Şöyle bir düşünün: Dört saat süren -evet, tam dört saat- komisyon toplantısında herkes bekliyordu. Acaba bugün ne olacak? Gerilim mi yaşanacak, uzlaşma mı çıkacak? Kurtulmuş'un ağzından çıkacak her kelime merakla takip ediliyordu.
İddialara Sert Yanıt
"Biz" diyor Kurtulmuş, sesinde hafif bir titremeyle, "hiç kimseyle gizli kapaklı pazarlıklar yapmadık. Böyle bir şey söz konusu dahi olamaz." Masaya yumruğunu vurmasa da, kelimeleri o kadar net ve keskin ki, odadaki herkes donup kalıyor.

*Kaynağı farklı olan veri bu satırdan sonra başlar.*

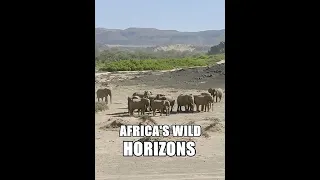 Дикие просторы Африки / Africa's Wild Horizons / Серия 3 Последние гиганты пустыни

Aslında bu pazarlık iddiaları siyaset koridorlarında haftalardır dolaşıyor. Kimileri "şu madde için anlaştılar" diyor, kimileri "şurada taviz verdiler" diye fısıldaşıyor. Kurtulmuş'un bu konuşması işte tüm bu fısıltılara adeta tokat gibi bir cevap niteliğinde.

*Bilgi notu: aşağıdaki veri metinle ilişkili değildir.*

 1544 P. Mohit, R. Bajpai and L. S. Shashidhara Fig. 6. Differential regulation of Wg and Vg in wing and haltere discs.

Komisyonda Gerilim Yükseliyor
Toplantıda anayasa değişiklik maddeleri tek tek görüşülürken, muhalefet tarafından gelen eleştirilere Kurtulmuş'un verdiği yanıtlar oldukça dikkat çekici. "Biz" diye devam ediyor, "ülkemizin geleceği için çalışıyoruz, pazarlık için değil."
O sırada salondaki bir milletvekilinin kaşlarını çattığını görüyorsunuz. Bir diğeri not alıyor. Ortam gerçekten gergin. Kimse kılını kıpırdatmıyor. Kurtulmuş konuştukça, odadaki hava iyice ağırlaşıyor.

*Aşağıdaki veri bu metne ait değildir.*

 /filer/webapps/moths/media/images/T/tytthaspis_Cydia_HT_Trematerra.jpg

Peki ya sonra? Sonrası malum. Toplantı bittiğinde herkes dağılıyor ama akıllarda Kurtulmuş'un o keskin çıkışı kalıyor. Meclis'in o bildik koridorlarında yeni bir fısıltı başlıyor: "Demek ki pazarlık falan yokmuş."
Bu arada, insan düşünmeden edemiyor: Acaba bu kadar sert çıkış neden şimdi? Daha önce niye böyle bir açıklama yapılmadı? Belki de muhalefetin son zamanlardaki artan eleştirilerine bir cevap vermek gerekiyordu. Kim bilir...
Kurtulmuş'un sözleri aslında şunu gösteriyor: Siyasette her söylenene inanmamak lazım. Bazen gerçekler, söylentilerin çok daha ötesinde olabiliyor.